Freitag, 21. September 2012

Ich bin eine Frau

Was war das wohl für ein Seminar, nach dem ich mich wieder als begehrenswerte und vollwertige Frau fühle, obwohl ich keine Kinder bekommen kann? Was mag das für ein Wochenende gewesen sein, bei dem man tanzend den Tag beginnt? Bei dem man am dritten Tag, alle Nackenverspannungen los ist. Drei wundervolle Tage nach dem man zum Feierabend nicht mehr zu Bier oder Zigaretten greifen will, sondern sich lieber auf den Boden setzt und bewusst atmet. Ich will jetzt Dinge für mich tun und nicht mehr meine Energie für die Bedürfnisse anderer verschenken. Von einem Über-ich war die Rede, dass man spöttisch in die Schranken weisen darf, wenn es von mir verlangt alles besser und schneller zu machen oder dringend eine Diät zu starten.

Es gab einen Moment in dem durfte ich einfach nur da sein. So wie ich bin. Ich musste nichts tun oder sein, hatte keine Anforderungen zu erfüllen. Ich lag auf dem Rücken und atmete tief ein. Ein fremder Mann hielt meinen Kopf und lächelte mich dabei an. Dabei erfuhr ich Glück, Geborgenheit, Freiheit, ja Wollust, sodass mir die Tränen über die Wangen liefen.
Ich empfand diesen Mann vorher als bedrohlich, denn er sagte mir, dass er mich sehr sympathisch findet und mich gerne mal umarmen möchte. Ich stimmte zu aber ich fühlte mich unwohl.
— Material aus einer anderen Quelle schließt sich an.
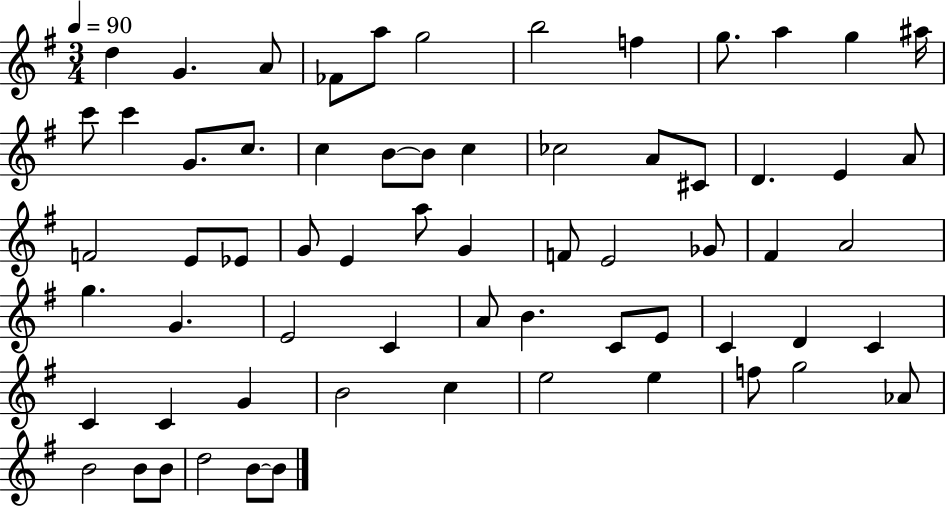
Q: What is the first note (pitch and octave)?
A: D5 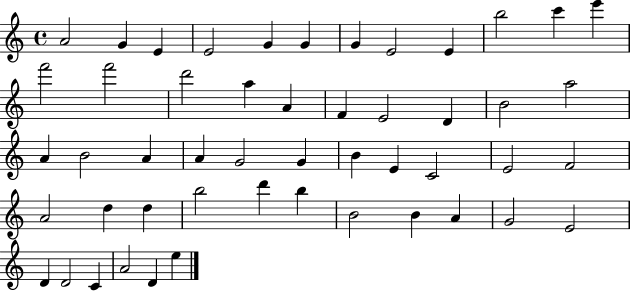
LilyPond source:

{
  \clef treble
  \time 4/4
  \defaultTimeSignature
  \key c \major
  a'2 g'4 e'4 | e'2 g'4 g'4 | g'4 e'2 e'4 | b''2 c'''4 e'''4 | \break f'''2 f'''2 | d'''2 a''4 a'4 | f'4 e'2 d'4 | b'2 a''2 | \break a'4 b'2 a'4 | a'4 g'2 g'4 | b'4 e'4 c'2 | e'2 f'2 | \break a'2 d''4 d''4 | b''2 d'''4 b''4 | b'2 b'4 a'4 | g'2 e'2 | \break d'4 d'2 c'4 | a'2 d'4 e''4 | \bar "|."
}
Sekunden lang drückte er seine Brust gegen meinen Busen. Zu lang. „Was nimmt der sich raus?“, dachte ich „der weiß doch, dass ich mit meinem Mann hier bin.“ Tatsächlich, darf dieser Mann mich jetzt jederzeit umarmen, so lange er will. Ist das nicht verrückt? Ich habe diesen Mann nackt gesehen und so seine Zartheit, Zerbrechlichkeit, Schönheit und Liebe erkannt. Es ist danach unmöglich diesen  Menschen abzuweisen. Im Gegenteil, man zieht sich zu ihm hingezogen. Wer hätte von Euch bei dieser Beschreibung an ein Tantra-Seminar gedacht?
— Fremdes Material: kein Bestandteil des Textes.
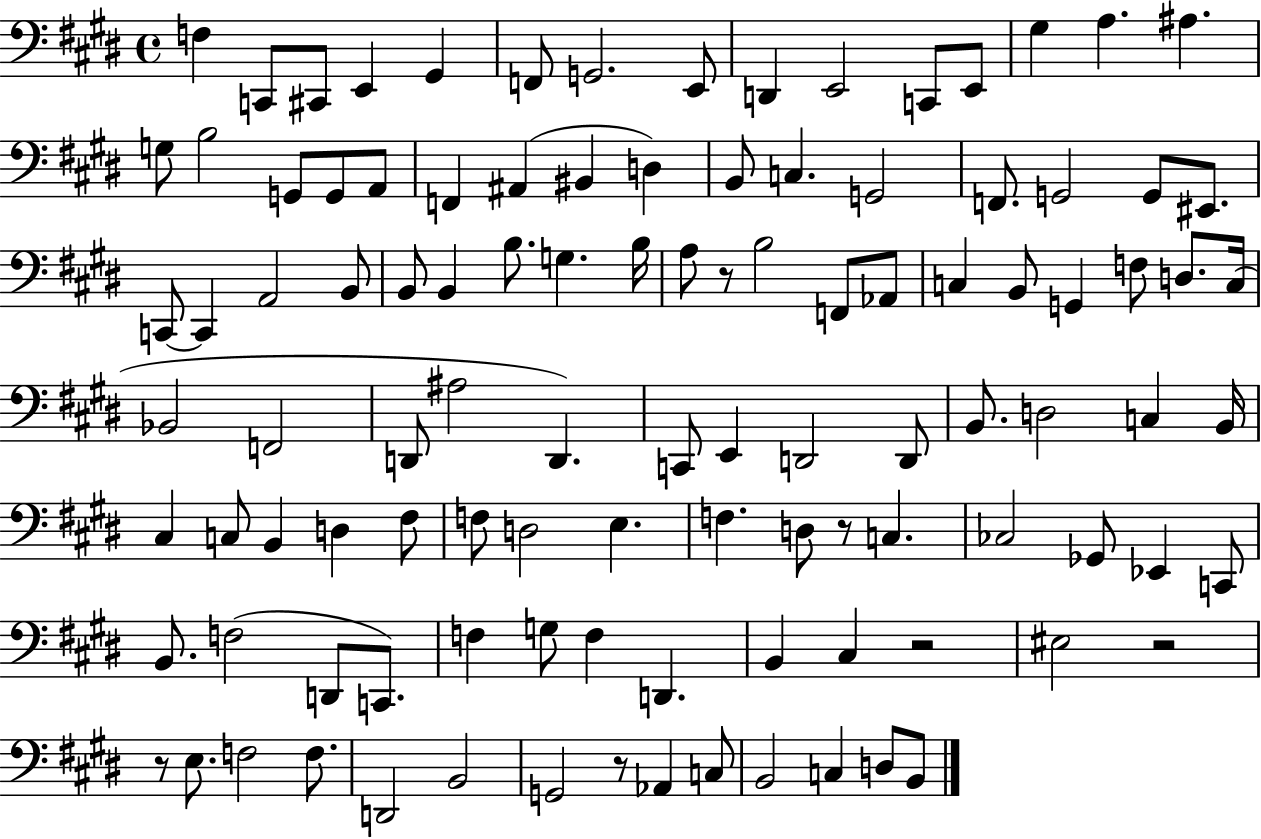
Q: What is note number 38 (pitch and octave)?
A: B3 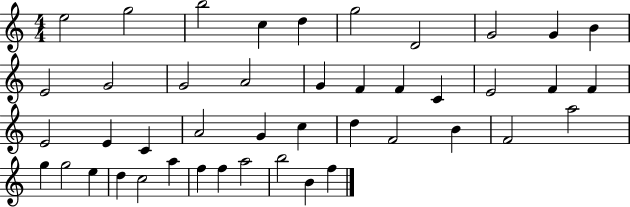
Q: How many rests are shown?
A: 0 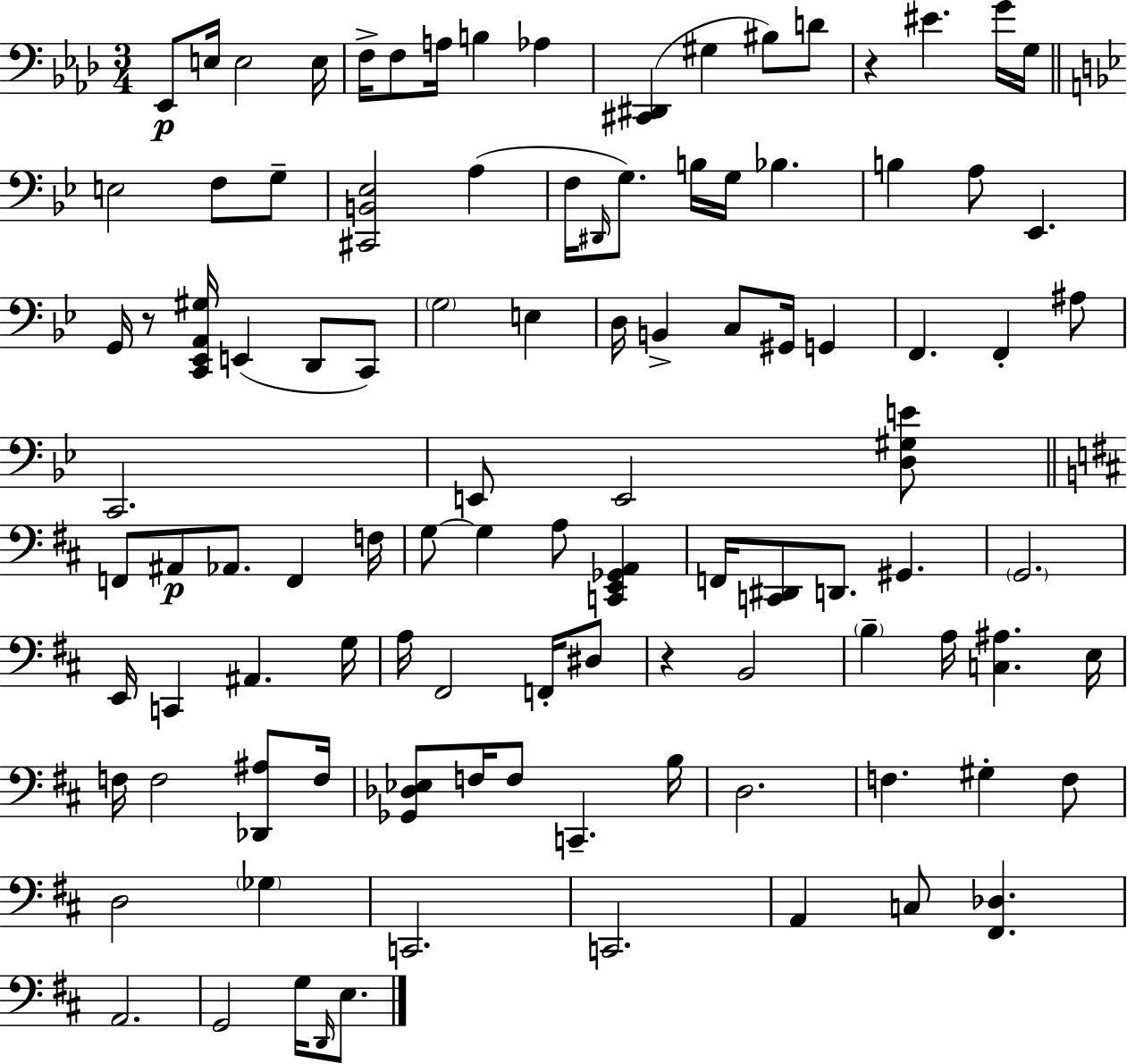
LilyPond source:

{
  \clef bass
  \numericTimeSignature
  \time 3/4
  \key f \minor
  \repeat volta 2 { ees,8\p e16 e2 e16 | f16-> f8 a16 b4 aes4 | <cis, dis,>4( gis4 bis8) d'8 | r4 eis'4. g'16 g16 | \break \bar "||" \break \key bes \major e2 f8 g8-- | <cis, b, ees>2 a4( | f16 \grace { dis,16 } g8.) b16 g16 bes4. | b4 a8 ees,4. | \break g,16 r8 <c, ees, a, gis>16 e,4( d,8 c,8) | \parenthesize g2 e4 | d16 b,4-> c8 gis,16 g,4 | f,4. f,4-. ais8 | \break c,2. | e,8 e,2 <d gis e'>8 | \bar "||" \break \key b \minor f,8 ais,8\p aes,8. f,4 f16 | g8~~ g4 a8 <c, e, ges, a,>4 | f,16 <c, dis,>8 d,8. gis,4. | \parenthesize g,2. | \break e,16 c,4 ais,4. g16 | a16 fis,2 f,16-. dis8 | r4 b,2 | \parenthesize b4-- a16 <c ais>4. e16 | \break f16 f2 <des, ais>8 f16 | <ges, des ees>8 f16 f8 c,4.-- b16 | d2. | f4. gis4-. f8 | \break d2 \parenthesize ges4 | c,2. | c,2. | a,4 c8 <fis, des>4. | \break a,2. | g,2 g16 \grace { d,16 } e8. | } \bar "|."
} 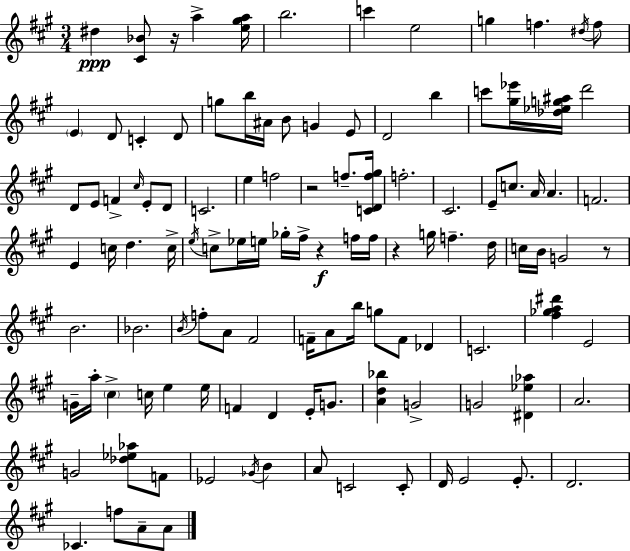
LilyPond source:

{
  \clef treble
  \numericTimeSignature
  \time 3/4
  \key a \major
  dis''4\ppp <cis' bes'>8 r16 a''4-> <e'' gis'' a''>16 | b''2. | c'''4 e''2 | g''4 f''4. \acciaccatura { dis''16 } f''8 | \break \parenthesize e'4 d'8 c'4-. d'8 | g''8 b''16 ais'16 b'8 g'4 e'8 | d'2 b''4 | c'''8 <gis'' ees'''>16 <des'' ees'' g'' ais''>16 d'''2 | \break d'8 e'8 f'4-> \grace { cis''16 } e'8-. | d'8 c'2. | e''4 f''2 | r2 f''8.-- | \break <c' d' f'' gis''>16 f''2.-. | cis'2. | e'8-- c''8. a'16 a'4. | f'2. | \break e'4 c''16 d''4. | c''16-> \acciaccatura { e''16 } c''8-> ees''16 e''16 ges''16-. fis''16-> r4\f | f''16 f''16 r4 g''16 f''4.-- | d''16 c''16 b'16 g'2 | \break r8 b'2. | bes'2. | \acciaccatura { b'16 } f''8-. a'8 fis'2 | f'16-- a'8 b''16 g''8 f'8 | \break des'4 c'2. | <fis'' ges'' a'' dis'''>4 e'2 | g'16-- a''16-. \parenthesize cis''4-> c''16 e''4 | e''16 f'4 d'4 | \break e'16-. g'8. <a' d'' bes''>4 g'2-> | g'2 | <dis' ees'' aes''>4 a'2. | g'2 | \break <des'' ees'' aes''>8 f'8 ees'2 | \acciaccatura { ges'16 } b'4 a'8 c'2 | c'8-. d'16 e'2 | e'8.-. d'2. | \break ces'4. f''8 | a'8-- a'8 \bar "|."
}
Ich habe dieses Seminar Noerd zum Geburtstag geschenkt, ohne zu wissen, was mich dabei erwartet. Er hat es angenommen, ohne zu wissen, was ihn erwartet oder was ich von ihm erwarte. Was habe ich denn eigentlich erwartet?
Wir haben jetzt fünf Jahre Sex lang gehabt mit dem Ziel ein Kind zu bekommen. Dabei haben wir darauf geachtet, dass er sein Sperma möglichst nah an meinen Gebärmuttermund schießt, ich dabei möglichst auf dem Rücken liege, nach der Ejakulation möglichst noch ein wenig liegen bleibe und das alles möglichst auf Kommando am 11., 12. und 13. Zyklustag. Damit sollte Schluss sein. „Ein Tantra-Seminar könnte da neue Impulse geben.“, hoffte ich und dachte an prickelnde Massagetechniken, die ich aus dem Fernsehen kannte.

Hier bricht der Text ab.